Start of DATA FOR REVIEW

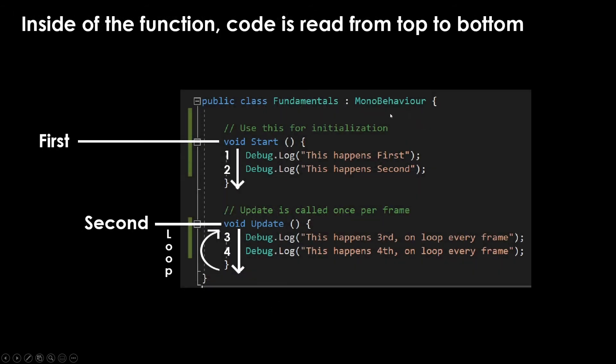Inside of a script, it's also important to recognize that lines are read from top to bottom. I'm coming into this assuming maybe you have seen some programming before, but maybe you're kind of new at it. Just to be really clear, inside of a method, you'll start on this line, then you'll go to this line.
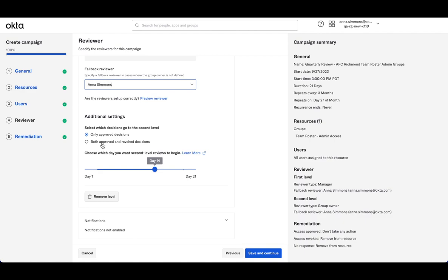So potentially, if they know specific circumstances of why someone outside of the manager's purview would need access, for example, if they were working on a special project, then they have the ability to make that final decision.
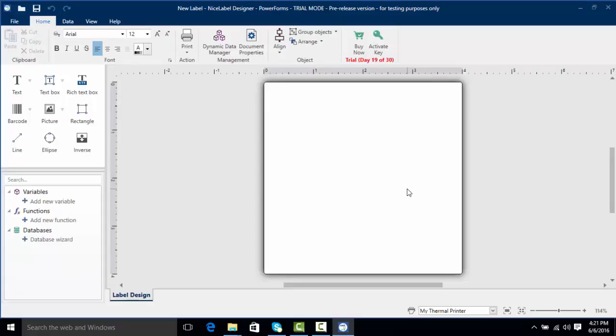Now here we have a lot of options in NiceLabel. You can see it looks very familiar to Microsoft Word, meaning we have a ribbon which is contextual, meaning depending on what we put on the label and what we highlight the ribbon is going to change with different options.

End of DATA FOR REVIEW
Start of DATA FOR REVIEW

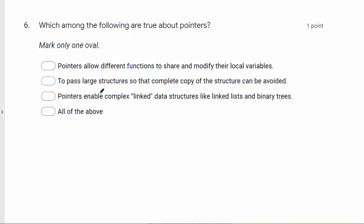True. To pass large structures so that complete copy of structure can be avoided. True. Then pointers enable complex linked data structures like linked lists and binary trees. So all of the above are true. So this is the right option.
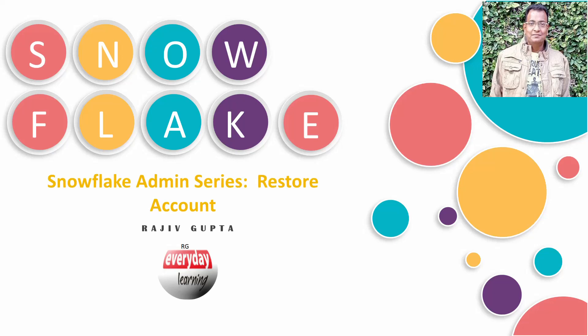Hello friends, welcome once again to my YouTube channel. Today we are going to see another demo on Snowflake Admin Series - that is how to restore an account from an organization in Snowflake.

End of DATA FOR REVIEW

EXERCISE GOAL: Leave the pictures out. Output, exactly, the lines of the material above starting at the line containing "Inside of a script, it's" and ending at the line containing "Now here we".

RESPONSE TO THE TASK:
Inside of a script, it's also important to recognize that lines are read from top to bottom. I'm coming into this assuming maybe you have seen some programming before, but maybe you're kind of new at it. Just to be really clear, inside of a method, you'll start on this line, then you'll go to this line.
So potentially, if they know specific circumstances of why someone outside of the manager's purview would need access, for example, if they were working on a special project, then they have the ability to make that final decision.
Now here we have a lot of options in NiceLabel. You can see it looks very familiar to Microsoft Word, meaning we have a ribbon which is contextual, meaning depending on what we put on the label and what we highlight the ribbon is going to change with different options.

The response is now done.